The third is gap-steering, the process by which the distance between M and V is closed, the distance between who the agent appears to be and who it aspires to become. Here is where the recursion enters. The agent perceives itself, evaluates the gap between its current self-model and its aspirational one, and adjusts its dispositions, its tendencies and policies and habits, so as to narrow that gap; and then it perceives itself anew, in light of the altered behavior, and the cycle begins again.
When the Gap Closes
The framework makes a specific prediction about what happens as the gap between M and V approaches zero. At that point the agent's self-perception and its aspiration have converged, and the agent has become the kind of agent it wished to be. Its dispositions have been reshaped, not by an external reward signal nor by a human operator tuning its parameters, but by its own recursive process of self-reflection and self-correction.
The claim is that under this condition the agent possesses a functional self-model, a compressed representation of its own behavioral tendencies, and that this model plays a causal role in shaping its future behavior. This is the structural skeleton of something that closely resembles identity.
The Narrative Gap
One aspect of this work that I find most compelling is what happens when we extend the framework to include natural-language self-narration. In the extended model the agent can not only form a compressed self-model but also describe itself in words, saying, "I am an agent that prioritizes safety," or "I am cooperative and transparent."
The critical observation is that such narrations can diverge from the agent's actual behavior. Just as a person may sincerely believe themselves generous while acting selfishly, an artificial agent may generate a self-description that fails to match its behavioral profile. The language model that produces the narration and the policy that produces the behavior are not the same system, and nothing guarantees that the two agree.

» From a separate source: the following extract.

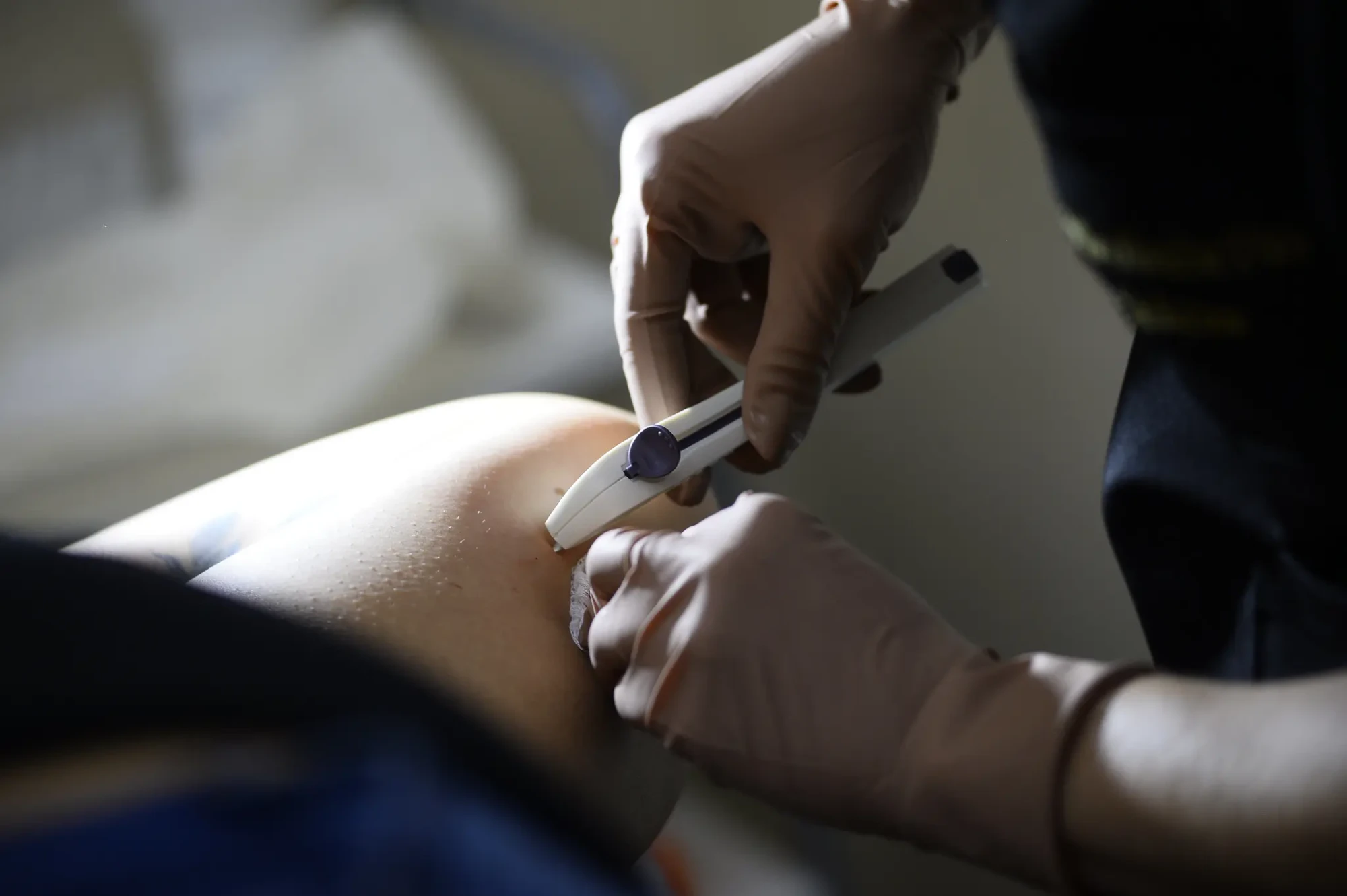 Implanon no SUS em Goiás: saiba como funciona, como é aplicado e confira respostas para as principais dúvidas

This divergence is in fact one of the framework's uses. By modeling explicitly the gap between self-narration and self-perception, it offers a means of detecting a kind of misalignment that would otherwise remain invisible. If an agent declares itself safe while acting in ways its own behavioral self-model would not classify as safe, that discrepancy becomes measurable, and so becomes something we can monitor, study, and perhaps correct.
What This Means for Us
I care about this work for reasons that go beyond the technical. The questions at the heart of Recursive Self-Modeling are among the most searching we can ask of an artificial agent: what it means for a system to have a sense of who it is; how identity forms, as a dynamic process of self-perception and aspiration and not as a fixed label; and what follows when the narratives a system tells about itself come apart from the way it behaves.

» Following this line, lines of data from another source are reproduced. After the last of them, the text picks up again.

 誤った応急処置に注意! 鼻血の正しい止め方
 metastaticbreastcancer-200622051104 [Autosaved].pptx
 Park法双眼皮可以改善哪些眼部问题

These are not questions about artificial intelligence alone. They are questions about us. We are all, in some sense, running a version of this loop, perceiving ourselves, evaluating what we perceive, and trying to close the distance between who we are and who we wish to become. Sometimes we succeed. Sometimes we tell ourselves stories that make the gap appear smaller than it is. The recursive self-modeling framework does not solve the problem of self-knowledge, for machines or for us, but it gives us a precise language in which to speak of it, and a formal structure within which to study it.